_What you are asked to do_
Give back a single figure: the number of lines in the entries below that contain "Dress".

------------

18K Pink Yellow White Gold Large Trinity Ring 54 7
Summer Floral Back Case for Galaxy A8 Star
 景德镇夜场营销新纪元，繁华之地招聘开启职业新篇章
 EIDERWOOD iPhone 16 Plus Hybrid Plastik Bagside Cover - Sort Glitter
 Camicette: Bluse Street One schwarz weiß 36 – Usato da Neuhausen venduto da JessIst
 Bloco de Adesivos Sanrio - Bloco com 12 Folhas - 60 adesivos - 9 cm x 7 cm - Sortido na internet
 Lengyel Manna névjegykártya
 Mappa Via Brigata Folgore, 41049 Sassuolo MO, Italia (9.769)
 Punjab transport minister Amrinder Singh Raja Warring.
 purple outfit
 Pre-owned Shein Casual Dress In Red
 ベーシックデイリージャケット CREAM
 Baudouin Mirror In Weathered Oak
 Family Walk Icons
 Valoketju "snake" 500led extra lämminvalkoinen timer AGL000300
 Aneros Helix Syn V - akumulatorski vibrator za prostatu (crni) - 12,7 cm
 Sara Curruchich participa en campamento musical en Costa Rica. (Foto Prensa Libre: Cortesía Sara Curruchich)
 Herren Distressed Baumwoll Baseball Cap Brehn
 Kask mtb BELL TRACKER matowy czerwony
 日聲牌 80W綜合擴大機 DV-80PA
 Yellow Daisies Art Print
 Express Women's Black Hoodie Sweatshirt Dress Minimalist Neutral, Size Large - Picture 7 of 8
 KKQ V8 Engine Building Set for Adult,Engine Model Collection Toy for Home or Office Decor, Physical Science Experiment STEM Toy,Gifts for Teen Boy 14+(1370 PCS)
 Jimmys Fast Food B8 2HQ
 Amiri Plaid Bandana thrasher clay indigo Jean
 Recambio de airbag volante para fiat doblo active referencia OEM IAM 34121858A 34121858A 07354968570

------------

_Problem solution_
2